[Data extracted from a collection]
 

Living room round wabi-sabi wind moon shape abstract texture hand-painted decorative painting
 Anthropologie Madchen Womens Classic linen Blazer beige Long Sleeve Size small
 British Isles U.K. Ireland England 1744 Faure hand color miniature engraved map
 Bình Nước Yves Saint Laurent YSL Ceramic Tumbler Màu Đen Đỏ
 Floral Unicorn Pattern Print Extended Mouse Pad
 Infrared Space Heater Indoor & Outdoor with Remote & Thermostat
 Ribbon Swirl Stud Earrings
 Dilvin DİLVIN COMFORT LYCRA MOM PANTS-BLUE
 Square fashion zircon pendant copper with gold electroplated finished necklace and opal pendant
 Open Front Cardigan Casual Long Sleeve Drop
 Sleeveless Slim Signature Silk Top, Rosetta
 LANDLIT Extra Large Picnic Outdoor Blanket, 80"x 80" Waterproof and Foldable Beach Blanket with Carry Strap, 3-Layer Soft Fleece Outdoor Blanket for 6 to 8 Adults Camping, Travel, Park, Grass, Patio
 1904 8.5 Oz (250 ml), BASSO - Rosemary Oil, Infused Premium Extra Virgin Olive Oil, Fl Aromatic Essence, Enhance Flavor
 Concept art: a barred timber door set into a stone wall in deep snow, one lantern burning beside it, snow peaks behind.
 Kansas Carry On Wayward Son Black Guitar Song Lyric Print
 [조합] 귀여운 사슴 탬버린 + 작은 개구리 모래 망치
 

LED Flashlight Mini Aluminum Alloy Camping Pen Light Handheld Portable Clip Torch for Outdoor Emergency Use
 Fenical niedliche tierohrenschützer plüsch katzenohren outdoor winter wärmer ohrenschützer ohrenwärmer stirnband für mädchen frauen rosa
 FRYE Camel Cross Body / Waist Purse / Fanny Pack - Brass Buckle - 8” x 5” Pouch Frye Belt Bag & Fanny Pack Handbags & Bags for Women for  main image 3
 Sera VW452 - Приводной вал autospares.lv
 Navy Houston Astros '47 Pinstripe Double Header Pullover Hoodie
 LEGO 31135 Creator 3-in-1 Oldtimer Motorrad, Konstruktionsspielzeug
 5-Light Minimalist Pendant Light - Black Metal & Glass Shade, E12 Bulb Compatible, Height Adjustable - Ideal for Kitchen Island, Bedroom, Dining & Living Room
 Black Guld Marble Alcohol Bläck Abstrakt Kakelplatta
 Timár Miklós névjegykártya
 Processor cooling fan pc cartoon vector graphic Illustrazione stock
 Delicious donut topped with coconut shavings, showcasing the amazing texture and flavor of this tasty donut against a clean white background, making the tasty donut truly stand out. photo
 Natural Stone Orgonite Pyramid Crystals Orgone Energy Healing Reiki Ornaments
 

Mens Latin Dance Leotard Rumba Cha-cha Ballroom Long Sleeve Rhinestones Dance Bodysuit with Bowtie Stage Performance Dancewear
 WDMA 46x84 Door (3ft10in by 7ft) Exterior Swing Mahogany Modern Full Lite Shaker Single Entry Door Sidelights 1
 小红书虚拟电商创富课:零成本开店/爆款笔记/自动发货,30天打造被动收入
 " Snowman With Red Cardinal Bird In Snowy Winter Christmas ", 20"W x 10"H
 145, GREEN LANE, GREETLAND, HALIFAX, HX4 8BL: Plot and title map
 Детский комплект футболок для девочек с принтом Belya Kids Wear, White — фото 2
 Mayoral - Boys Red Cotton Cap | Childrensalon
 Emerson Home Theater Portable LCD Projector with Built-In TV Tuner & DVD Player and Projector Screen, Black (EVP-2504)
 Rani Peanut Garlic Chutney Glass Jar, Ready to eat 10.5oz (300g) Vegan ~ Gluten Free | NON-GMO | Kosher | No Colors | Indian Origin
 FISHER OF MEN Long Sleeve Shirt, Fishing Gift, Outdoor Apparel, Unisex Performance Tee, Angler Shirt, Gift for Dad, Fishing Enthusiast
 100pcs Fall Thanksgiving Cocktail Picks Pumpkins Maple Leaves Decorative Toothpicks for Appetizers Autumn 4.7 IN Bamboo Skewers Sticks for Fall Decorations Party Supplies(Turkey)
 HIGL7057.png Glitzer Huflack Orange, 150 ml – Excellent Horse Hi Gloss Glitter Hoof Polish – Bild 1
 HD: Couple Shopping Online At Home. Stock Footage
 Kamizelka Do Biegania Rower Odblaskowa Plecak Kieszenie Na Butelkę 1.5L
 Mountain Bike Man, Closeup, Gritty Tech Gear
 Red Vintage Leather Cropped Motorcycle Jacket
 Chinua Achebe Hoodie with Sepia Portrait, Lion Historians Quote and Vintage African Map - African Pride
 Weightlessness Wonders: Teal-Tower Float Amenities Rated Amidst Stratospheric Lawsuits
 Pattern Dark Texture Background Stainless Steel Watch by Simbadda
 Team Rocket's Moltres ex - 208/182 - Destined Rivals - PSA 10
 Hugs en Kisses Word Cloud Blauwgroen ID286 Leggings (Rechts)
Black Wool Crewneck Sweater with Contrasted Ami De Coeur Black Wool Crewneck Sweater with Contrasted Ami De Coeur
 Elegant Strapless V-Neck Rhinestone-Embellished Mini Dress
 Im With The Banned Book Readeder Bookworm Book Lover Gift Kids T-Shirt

§ **AIM OF THE EXERCISE**: Would you retype the records above without changing a word?

§ **SOLUTION BELOW**:
Living room round wabi-sabi wind moon shape abstract texture hand-painted decorative painting
 Anthropologie Madchen Womens Classic linen Blazer beige Long Sleeve Size small
 British Isles U.K. Ireland England 1744 Faure hand color miniature engraved map
 Bình Nước Yves Saint Laurent YSL Ceramic Tumbler Màu Đen Đỏ
 Floral Unicorn Pattern Print Extended Mouse Pad
 Infrared Space Heater Indoor & Outdoor with Remote & Thermostat
 Ribbon Swirl Stud Earrings
 Dilvin DİLVIN COMFORT LYCRA MOM PANTS-BLUE
 Square fashion zircon pendant copper with gold electroplated finished necklace and opal pendant
 Open Front Cardigan Casual Long Sleeve Drop
 Sleeveless Slim Signature Silk Top, Rosetta
 LANDLIT Extra Large Picnic Outdoor Blanket, 80"x 80" Waterproof and Foldable Beach Blanket with Carry Strap, 3-Layer Soft Fleece Outdoor Blanket for 6 to 8 Adults Camping, Travel, Park, Grass, Patio
 1904 8.5 Oz (250 ml), BASSO - Rosemary Oil, Infused Premium Extra Virgin Olive Oil, Fl Aromatic Essence, Enhance Flavor
 Concept art: a barred timber door set into a stone wall in deep snow, one lantern burning beside it, snow peaks behind.
 Kansas Carry On Wayward Son Black Guitar Song Lyric Print
 [조합] 귀여운 사슴 탬버린 + 작은 개구리 모래 망치
 

LED Flashlight Mini Aluminum Alloy Camping Pen Light Handheld Portable Clip Torch for Outdoor Emergency Use
 Fenical niedliche tierohrenschützer plüsch katzenohren outdoor winter wärmer ohrenschützer ohrenwärmer stirnband für mädchen frauen rosa
 FRYE Camel Cross Body / Waist Purse / Fanny Pack - Brass Buckle - 8” x 5” Pouch Frye Belt Bag & Fanny Pack Handbags & Bags for Women for  main image 3
 Sera VW452 - Приводной вал autospares.lv
 Navy Houston Astros '47 Pinstripe Double Header Pullover Hoodie
 LEGO 31135 Creator 3-in-1 Oldtimer Motorrad, Konstruktionsspielzeug
 5-Light Minimalist Pendant Light - Black Metal & Glass Shade, E12 Bulb Compatible, Height Adjustable - Ideal for Kitchen Island, Bedroom, Dining & Living Room
 Black Guld Marble Alcohol Bläck Abstrakt Kakelplatta
 Timár Miklós névjegykártya
 Processor cooling fan pc cartoon vector graphic Illustrazione stock
 Delicious donut topped with coconut shavings, showcasing the amazing texture and flavor of this tasty donut against a clean white background, making the tasty donut truly stand out. photo
 Natural Stone Orgonite Pyramid Crystals Orgone Energy Healing Reiki Ornaments
 

Mens Latin Dance Leotard Rumba Cha-cha Ballroom Long Sleeve Rhinestones Dance Bodysuit with Bowtie Stage Performance Dancewear
 WDMA 46x84 Door (3ft10in by 7ft) Exterior Swing Mahogany Modern Full Lite Shaker Single Entry Door Sidelights 1
 小红书虚拟电商创富课:零成本开店/爆款笔记/自动发货,30天打造被动收入
 " Snowman With Red Cardinal Bird In Snowy Winter Christmas ", 20"W x 10"H
 145, GREEN LANE, GREETLAND, HALIFAX, HX4 8BL: Plot and title map
 Детский комплект футболок для девочек с принтом Belya Kids Wear, White — фото 2
 Mayoral - Boys Red Cotton Cap | Childrensalon
 Emerson Home Theater Portable LCD Projector with Built-In TV Tuner & DVD Player and Projector Screen, Black (EVP-2504)
 Rani Peanut Garlic Chutney Glass Jar, Ready to eat 10.5oz (300g) Vegan ~ Gluten Free | NON-GMO | Kosher | No Colors | Indian Origin
 FISHER OF MEN Long Sleeve Shirt, Fishing Gift, Outdoor Apparel, Unisex Performance Tee, Angler Shirt, Gift for Dad, Fishing Enthusiast
 100pcs Fall Thanksgiving Cocktail Picks Pumpkins Maple Leaves Decorative Toothpicks for Appetizers Autumn 4.7 IN Bamboo Skewers Sticks for Fall Decorations Party Supplies(Turkey)
 HIGL7057.png Glitzer Huflack Orange, 150 ml – Excellent Horse Hi Gloss Glitter Hoof Polish – Bild 1
 HD: Couple Shopping Online At Home. Stock Footage
 Kamizelka Do Biegania Rower Odblaskowa Plecak Kieszenie Na Butelkę 1.5L
 Mountain Bike Man, Closeup, Gritty Tech Gear
 Red Vintage Leather Cropped Motorcycle Jacket
 Chinua Achebe Hoodie with Sepia Portrait, Lion Historians Quote and Vintage African Map - African Pride
 Weightlessness Wonders: Teal-Tower Float Amenities Rated Amidst Stratospheric Lawsuits
 Pattern Dark Texture Background Stainless Steel Watch by Simbadda
 Team Rocket's Moltres ex - 208/182 - Destined Rivals - PSA 10
 Hugs en Kisses Word Cloud Blauwgroen ID286 Leggings (Rechts)
Black Wool Crewneck Sweater with Contrasted Ami De Coeur Black Wool Crewneck Sweater with Contrasted Ami De Coeur
 Elegant Strapless V-Neck Rhinestone-Embellished Mini Dress
 Im With The Banned Book Readeder Bookworm Book Lover Gift Kids T-Shirt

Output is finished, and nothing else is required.